▶ [THE DATA]
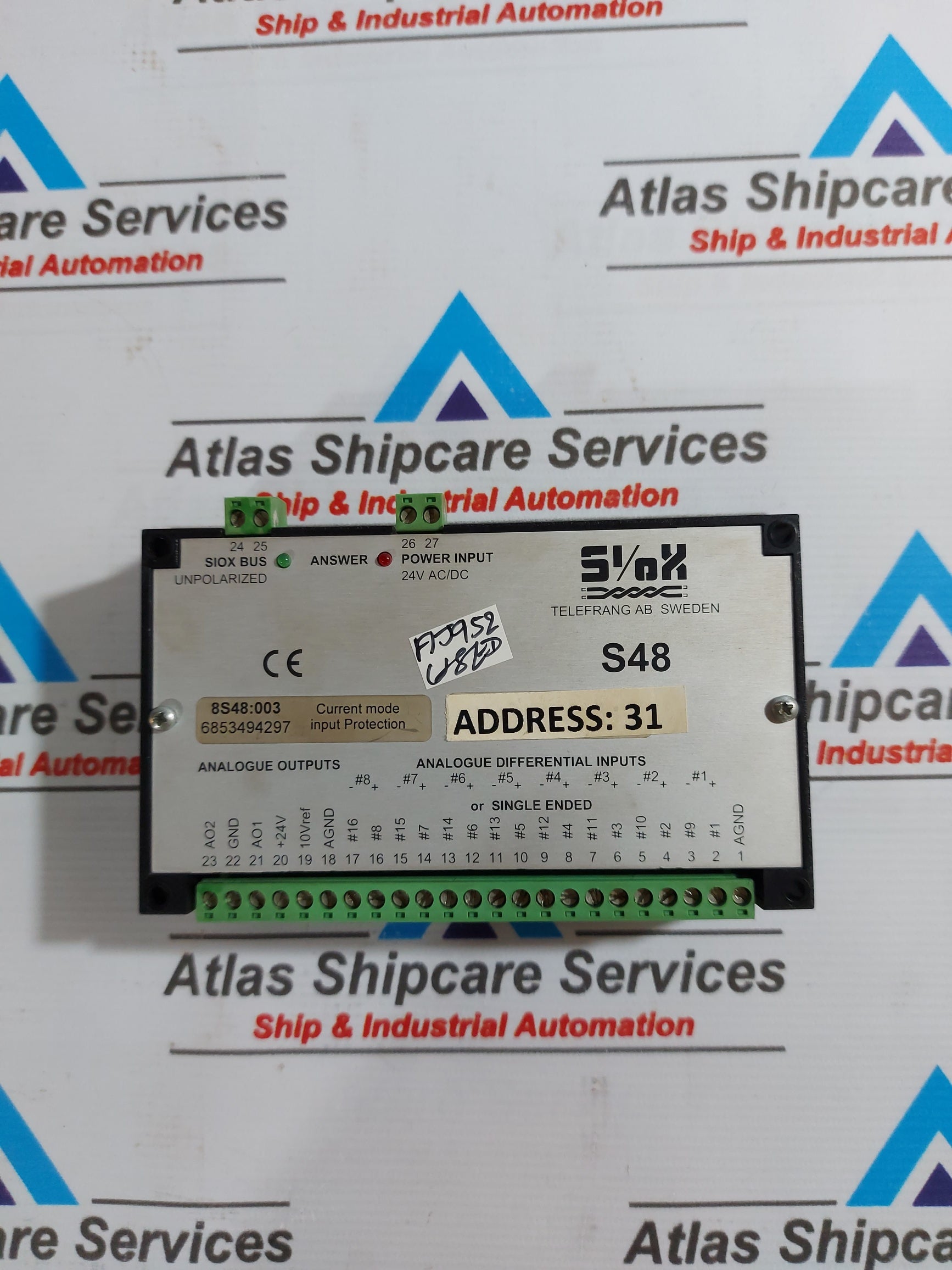 TELEFRANG S48 SI/OX ANALOG INPUT OUTPUT MODULE – Atlas Shipcare Services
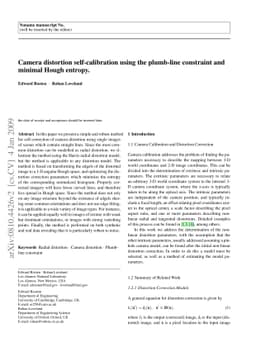 Camera distortion self-calibration using the plumb-line constraint and
  minimal Hough entropy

▶ [TASK PROMPT] Your answer must be an exact copy of the lines from the line with "Camera distortion self-calibration" to the final line of the data, both ends included, and no pictures.

▶ [TASK SOLUTION]
 Camera distortion self-calibration using the plumb-line constraint and
  minimal Hough entropy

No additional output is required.